I learned about racism and discrimination at an early age. My parents were married in the late 1970s, without the support or blessing of my paternal grandparents, who told my father that he could marry anyone he wanted except a Black woman. Unsurprisingly, no one from my dad’s side of the family attended their wedding and my grandparents had no interest in having a relationship with my sister and me. I identify as mixed-race to honor their resilience and the sacrifices they made just to be a couple. I know that what my parents endured was shared by many other interracial couples.

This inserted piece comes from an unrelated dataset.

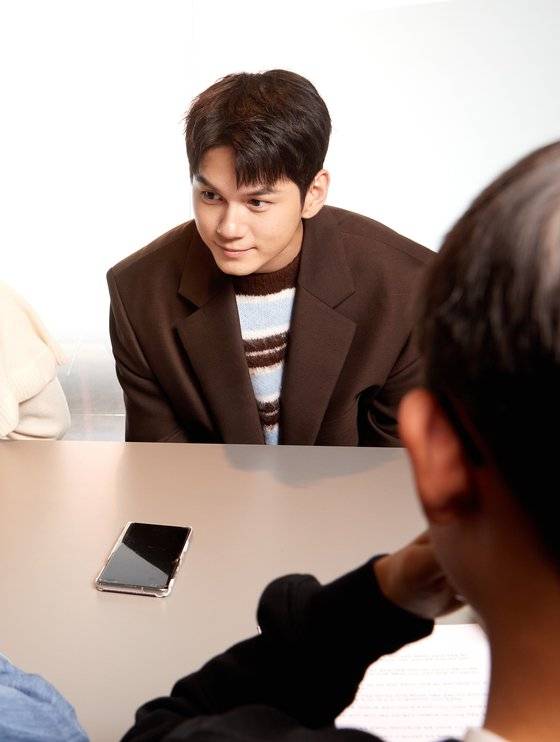 소중 학생기자단의 질문을 유심히 듣고 있는 옹성우 배우.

In a recent New York Times article, Anna Holmes wrote about the increase in interracial marriages following the Supreme Court decision in Loving v. Virginia, which made laws that banned interracial marriages unconstitutional. While Holmes dives into the nuances of growing up mixed-race, she also discusses the way Americans position notable mixed-race Black people and the way they relate to whiteness differently given their racial identities. These issues are complex but shed light on how some mixed-race people move through the world differently.
Following the Loving case, interracial marriages increased from 3 percent in 1967 to 17 percent in 2015, reflecting a shift in the way Americans view interracial unions. With these marriages have come an increase in the births of mixed-race and multiracial children.